**PROBLEM DETAILS:**
Beginning at the line containing "Carrie Anne Moss, Czarny, Skórzany Strój", give again every line through the end of the data, unchanged and with both ends included. Drop any pictures.

**Short text fragments from websites:**
▽

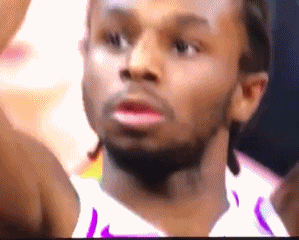 养生篮球爆炸头的维金斯是飞在半空中打球的扣了诺埃尔之后嘴哥就迷失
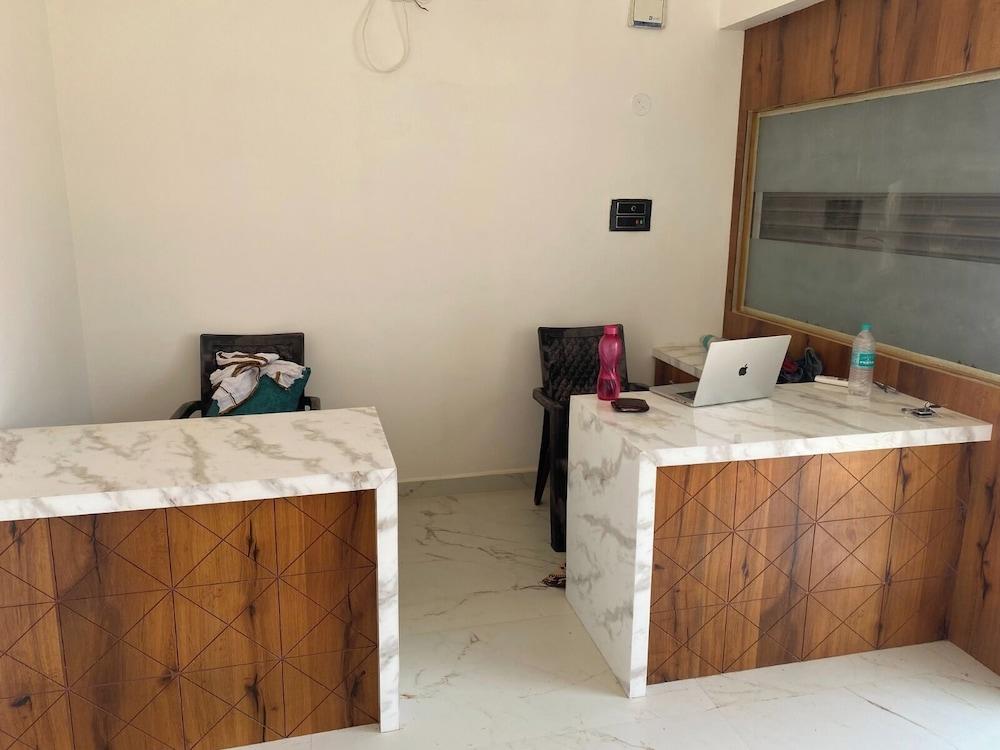 AnantShree Guest House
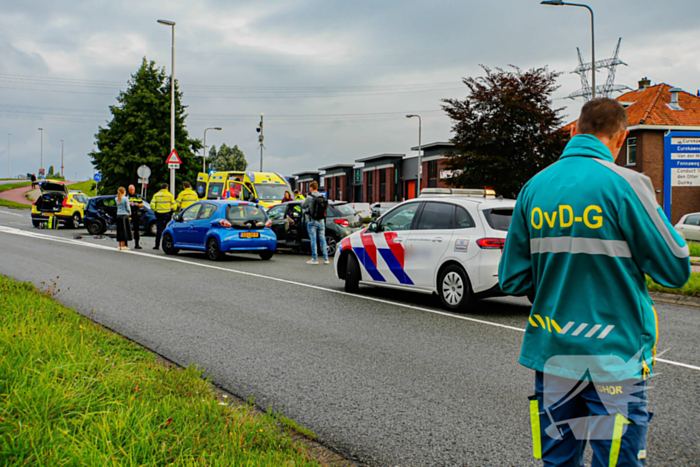 Traumateam ingezet na botsing tussen twee voertuigen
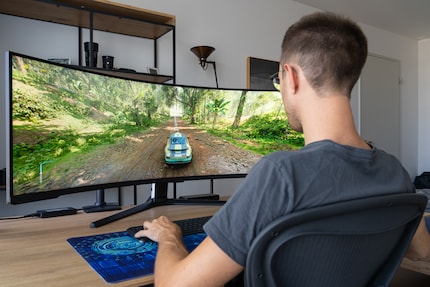 L'écran large géant m'enserre, ce qui donne une expérience de jeu impressionnante dans les simulations et les jeux de course - à condition que votre ordinateur fournisse suffisamment d'images par seconde.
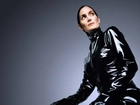 Carrie Anne Moss, Czarny, Skórzany Strój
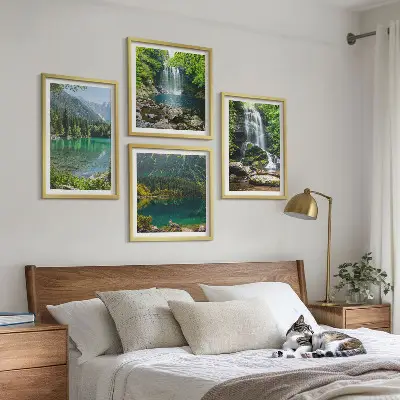 Set de 4 cuadros para salón diseño de cascadas en un entorno verde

△

**TASK RESPONSE:**
 Carrie Anne Moss, Czarny, Skórzany Strój
 Set de 4 cuadros para salón diseño de cascadas en un entorno verde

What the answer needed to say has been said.